DeepMind's AlphaGo and its generalised successor AlphaZero seemed to have cracked a fundamental problem in artificial intelligence. By playing games against itself, the system taught itself to defeat world champions at chess, Go, and shogi. Each victory appeared to herald a new era where self-play training could unlock superhuman performance in any domain.

Then researchers discovered something unsettling. A game so simple that children can learn it in minutes routinely defeats AlphaZero. That game is Nim, an ancient pastime where two players take turns removing objects from piles until none remain. The losing player is the one forced to take the last object.

Chess pieces arranged for the start of a chess game — AlphaZero excels at complex games like chess, yet struggles with simpler mathematical challenges

Research published in Machine Learning by Bei Zhou and Soren Riis examined what happens when you train an AlphaZero-style system to play Nim. On a five-row board, the AI improved steadily over hundreds of games. Adding just one row caused learning to slow dramatically. By seven rows, the system had essentially stopped learning. When the researchers replaced the trained move-selection system with random moves, performance on a seven-row board became indistinguishable.

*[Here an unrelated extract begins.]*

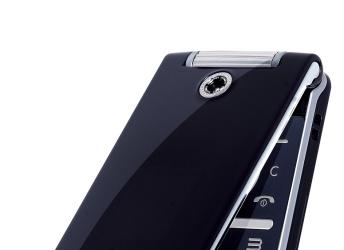 Новый телефон-«раскладушка» LG KF305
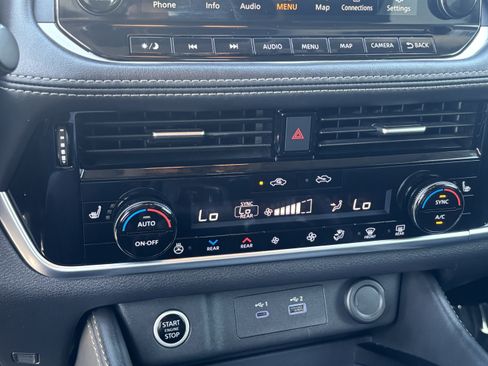 Used 2023 Nissan Rogue SL w/ SL Premium Package FWD image 20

The reason exposes a crack in how AlphaZero actually works. Nim's winning strategy depends entirely on understanding a mathematical parity function: a calculation based on binary representation that instantly reveals which player will win if both play optimally. This is not the sort of pattern you can absorb through observation and association. It requires symbolic reasoning; it requires discovering a rule.

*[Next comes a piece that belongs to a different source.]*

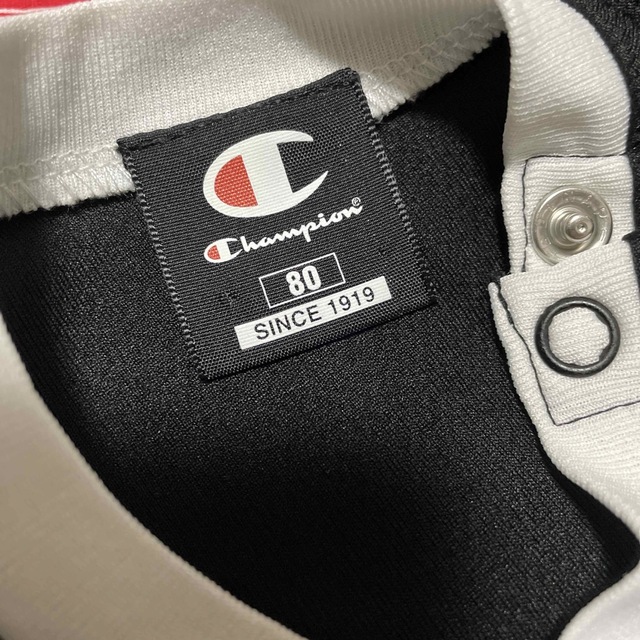 Champion(チャンピオン)のチャンピョン ロンパース80 キッズ/ベビー/マタニティのベビー服(~85cm)(ロンパース)の商品写真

AlphaZero learns by playing thousands of games and training its neural network to associate board positions with winning probability. This approach is devastatingly effective when the connection between board state and victory emerges naturally from patterns. But Nim forces the system to extract and apply an abstract mathematical principle. The neural network, no matter how many games it plays, cannot reliably compute the parity function.

The implications extend beyond a children's game. The researchers identified similar issues lurking in chess and Go. Certain endgame positions in chess require long chains of precise moves whose value only becomes apparent at the very end. Go, too, likely contains board configurations where the winning strategy cannot be discovered through association. These situations are rare enough in chess and Go that AlphaZero's other strengths compensate. In Nim, there is no hiding.

What makes this discovery particularly significant is its relevance to real-world applications. Researchers increasingly use AI systems for mathematics, where symbolic reasoning dominates. A system that cannot learn to apply a parity function may struggle with more sophisticated mathematical reasoning. Nim's mathematical elegance has made it a testbed for understanding fundamental limits.

Zhou and Riis conclude that "AlphaZero excels at learning through association but fails when a problem requires symbolic reasoning that cannot be implicitly learned from correlation between game states and outcomes." This distinction matters. The gap between association and symbolic reasoning may mark a boundary that self-play training alone cannot cross.

The discovery does not diminish AlphaZero's achievements. It instead clarifies what those achievements actually represent. The system has not achieved general game-playing ability; it has mastered games where strategy emerges from patterns. For problems requiring abstract principle, a different approach may be necessary.